The game's character-customization options let you tweak your players quite a bit, provided you've earned enough cash in the world tournament or king of the court modes. A tattoo parlor will let you tattoo your character, a barber shop will let you customize your player's hairstyle, and a jewelry shop will let you select from the finest gold chains and other finery that money can buy. If you find you're not making enough cash from playing ball, you'll also be able to visit a bookie and bet on your games to supplement your income.

Both versions of the game looked very close to each other graphically. The frame rate was already high and stable on both systems. The PlayStation build appeared to be slightly more together than the Xbox version, but not by much.
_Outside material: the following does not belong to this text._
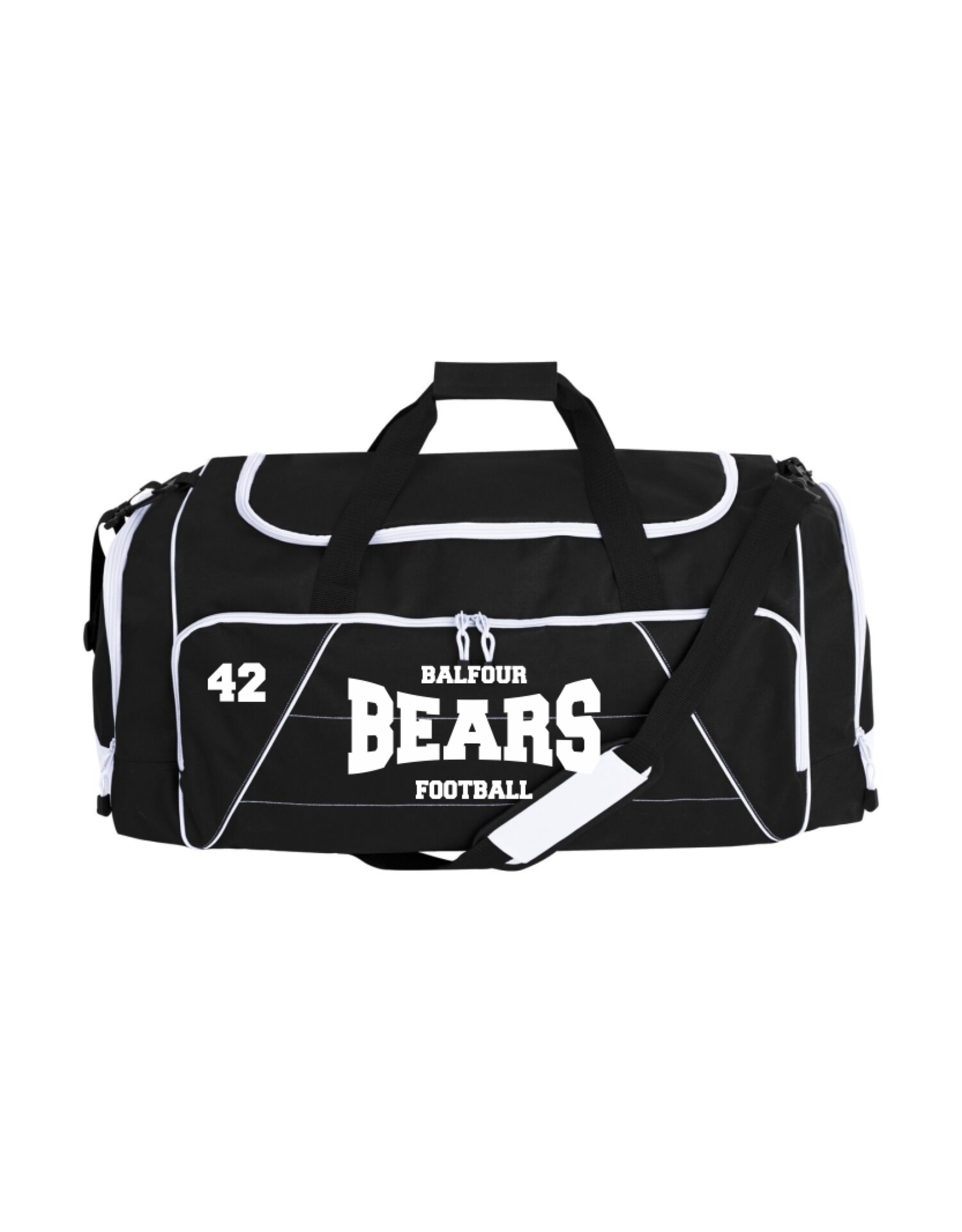 Balfour Gym Bag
Control worked well--you'll be able to shoot, pass, perform a crossover, and do a spin move, as well as dunk. The various special moves will be triggered via a modifier button that will allow the face buttons on the PS2 or the four main buttons on the Xbox pad to perform a move. You'll find a total of eight special moves--four that can be triggered when your player's standing and four that can be triggered when your player's running across the court. The moves will prevent your player from being knocked over during a game and will potentially give you the upper hand against a rival player. The main difference between the two versions of the game is the multiplayer options. The PlayStation 2 will support up to eight players via two multitaps, while the Xbox version will support four players.

Look for more on the game in the near future. Street Hoops is slated for release this summer on the PlayStation 2 and Xbox.